I want to have a template on top of the felted soap so I can follow the lines to felt a design.

Also any tips on felting would really be appreciated.

Thank you.


----------



## sweethavenarts (Mar 29, 2013)

Try searching the forum, we've discussed this recently.


----------



## lillybella (Mar 29, 2013)

Thank you, sweet.
I have searched the Forums, but there is only one question about felting a pattern on top of the soap & there were no responses.
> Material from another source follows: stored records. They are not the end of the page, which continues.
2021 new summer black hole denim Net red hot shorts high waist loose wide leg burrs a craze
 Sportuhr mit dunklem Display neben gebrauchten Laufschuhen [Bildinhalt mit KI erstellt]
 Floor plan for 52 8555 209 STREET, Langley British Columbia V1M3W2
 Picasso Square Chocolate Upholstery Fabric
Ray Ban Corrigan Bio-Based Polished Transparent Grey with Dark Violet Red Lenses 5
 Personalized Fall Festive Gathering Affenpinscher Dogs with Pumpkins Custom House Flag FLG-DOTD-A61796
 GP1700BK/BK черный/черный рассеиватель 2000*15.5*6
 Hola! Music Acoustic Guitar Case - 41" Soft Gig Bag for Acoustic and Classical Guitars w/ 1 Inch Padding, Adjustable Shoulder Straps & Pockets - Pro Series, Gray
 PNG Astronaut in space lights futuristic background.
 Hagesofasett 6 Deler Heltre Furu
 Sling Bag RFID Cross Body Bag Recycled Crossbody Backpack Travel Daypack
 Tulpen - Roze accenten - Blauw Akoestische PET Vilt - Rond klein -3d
I need to know if a pattern is used & how it is transferred to the felting on the soap & if all this is done after the soap is felted.


----------



## DeeAnna (Mar 29, 2013)

I watched several youTube videos recently about felting soap. From what I gathered, there are a couple of ways to go about creating designs. One person said she likes to stitch a design on the felted soap after felting is done, because she wanted the designs to be very crisp and clear. Her work looked a lot like crewel embroidery. She said if the design is created before felting, the design is more, um, fuzzy, and the other videos I watched did produce soft "fuzzy" designs. I didn't see anyone using a pattern really -- it looked to me like the designs were all fairly free form and were being stitched without any guide markings on the felt. Maybe someone does use a pattern, but these folks were not. I hope this helps. --DeeAnna


----------



## lillybella (Mar 29, 2013)

Thank you DeeAnna

How would I transfer a pattern onto the felted soap?Any ideas?


----------



## paillo (Mar 29, 2013)

Mine are pretty crude, but I use a mini cookie cutter for the outline for my critters, then add eyes and a woollie fleece back, and if I'm really ambitious, feetsies, ears or other extras. Would love to hear more about advanced techniques too!


----------



## lillybella (Mar 29, 2013)

Thank you, paillo

Is there something that can be used to draw on the felted soap?


----------



## jcatblum (Mar 30, 2013)

Here is a tutorial that puts a design 
http://rhythmofthehome.com/2010/07/felted-soap-tutorial/

If you wanted to trace a design would a fabric pencil or marker work???


----------



## DeeAnna (Mar 30, 2013)

I can't speak from experience with felted soap -- think it's interesting but I haven't tried it. But based on my general sewing experience, I might try a tailors' chalk pencil. It looks just like a colored pencil, and you sharpen it just like a regular pencil, but it is formulated to wash out of fabrics. It can be found at fabric/craft stores. Tailors' chalk usually comes in several colors -- I remember pink, blue, and white. Choose the color that contrasts with your felt color.


----------



## lillybella (Mar 30, 2013)

Thank you, DeeAnna


----------



## sweethavenarts (Mar 30, 2013)

http://www.soapmakingforum.com/f14/felted-soap-30850/ the link for a tutorial is on the bottom of the first page. You use a felting needle on a bar of soap that has a jacket of wet felted wool.


----------



## cmzaha (Jun 3, 2013)

You can needle felt on the design if you know how to needle felt. Otherwise with a simple pattern you could possibly lay on different color spots of roving. I make or rather made stained glass looking felted soap by laying pieces of color on top of the main color of roving


----------